Maximal Unit Segmentation

Not all currently available spoken treebanks take the same approach at maximal unit segmentation. More specifically, there is a tension between a prosodic and a syntactic view of sentence completion. The prosodic approach goes for minimal boundaries, segmenting sentences at prosodic termination. The drawback is that these can be hard to find (i.e., subjective interpretation of the annotator, difficult to come up with a clear test), and the resulting unit doesn’t always correspond to what we intuitively think of as a sentence. The syntactic approach can lead to a more “maximal” segmentation. The drawback is that it might lead to arbitrarily long sentences as the boundary between discourse functions and syntactic functions is blended.

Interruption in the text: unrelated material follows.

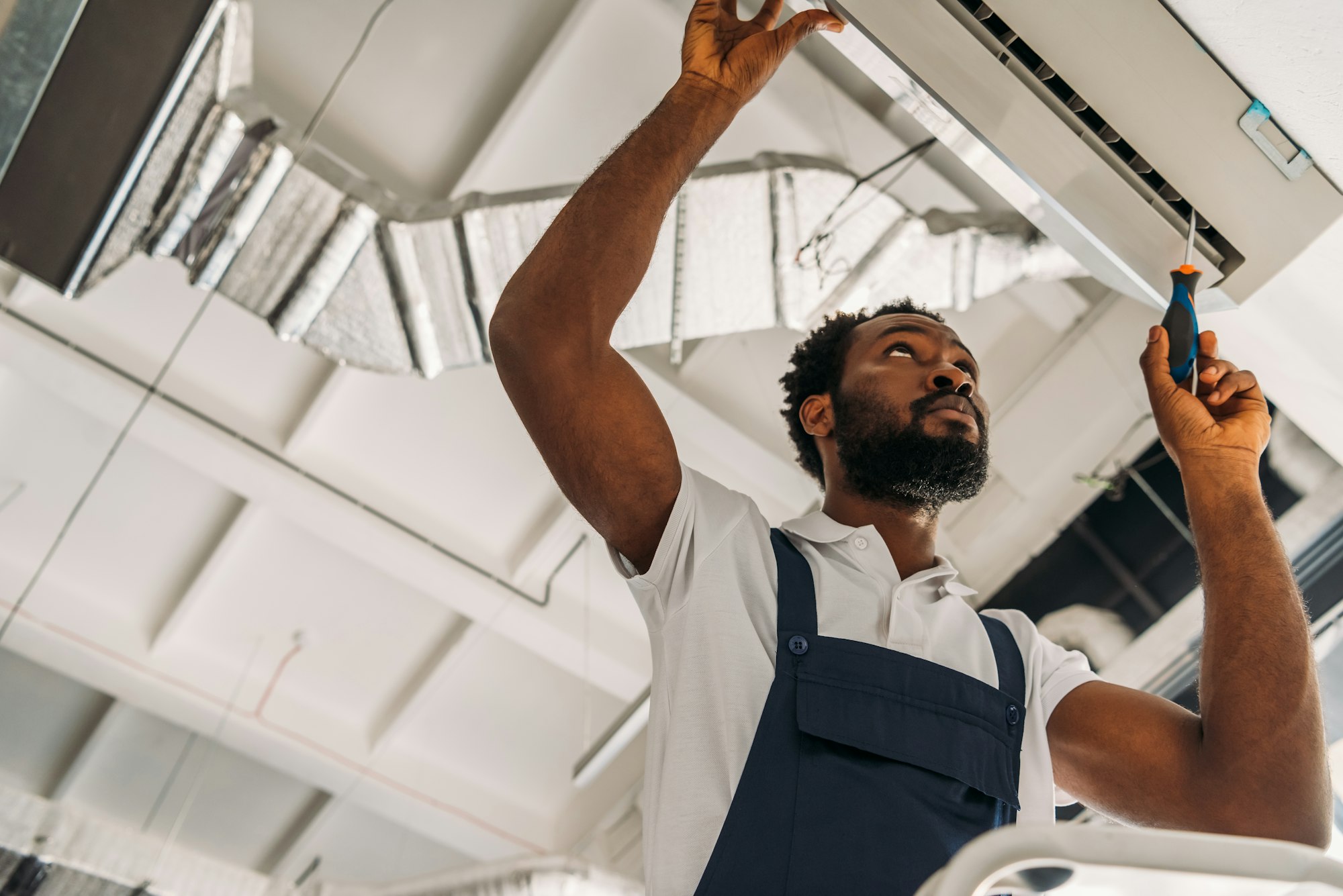 low-angle-view-of-african-american-handyman-repairing-air-conditioner-with-screwdriver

Examples from current works:

The general principle that we want to enforce is “if you can link, link”

This doesn’t necessarily need to be applied in a strict way. You may have a discourse marker that is a connective that could technically link back, but shouldn’t because there is a very long pause, for example. Language-specific hints that may help us identify the presence of a link.

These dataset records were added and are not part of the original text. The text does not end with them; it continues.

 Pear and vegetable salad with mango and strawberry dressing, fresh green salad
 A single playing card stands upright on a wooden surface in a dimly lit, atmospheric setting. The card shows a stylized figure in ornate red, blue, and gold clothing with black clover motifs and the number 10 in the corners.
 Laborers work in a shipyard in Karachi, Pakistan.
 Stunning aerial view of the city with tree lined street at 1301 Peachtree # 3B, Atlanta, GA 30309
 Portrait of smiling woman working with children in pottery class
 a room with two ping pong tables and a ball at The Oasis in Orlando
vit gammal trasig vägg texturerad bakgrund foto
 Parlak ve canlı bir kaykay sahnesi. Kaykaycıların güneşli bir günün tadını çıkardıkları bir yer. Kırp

TODO: explicit reference to rectional unit (Kahane&Pietrandrea) @sylvainkahane

This means that segmentation has to be performed on the basis of various criteria: syntactic, prosodic and semantic at once.

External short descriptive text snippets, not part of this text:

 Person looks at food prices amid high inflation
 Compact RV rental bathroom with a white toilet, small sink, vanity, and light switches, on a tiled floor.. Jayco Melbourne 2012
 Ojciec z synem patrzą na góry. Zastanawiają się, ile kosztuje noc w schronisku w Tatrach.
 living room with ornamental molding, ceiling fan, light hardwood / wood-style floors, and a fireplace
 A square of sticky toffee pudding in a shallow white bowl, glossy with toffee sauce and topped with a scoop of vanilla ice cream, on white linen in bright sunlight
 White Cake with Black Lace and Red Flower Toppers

Speaker view vs. Dependency view

proposal: provide both speaker-based and dependency-based information, developing a conversion tool to switch between the two “views” and make data available in both versions.

More specifically, in the speaker-based view each speaker utterance is a new tree, and the Speaker ID attribute applied to the tree (# speaker_id metadata). In the dependency-based view, a tree may be the outcome of multiple speaker concatenations. Each token has a Speaker_id attribute in MISC, as there may be arbitrarily many speakers contributing.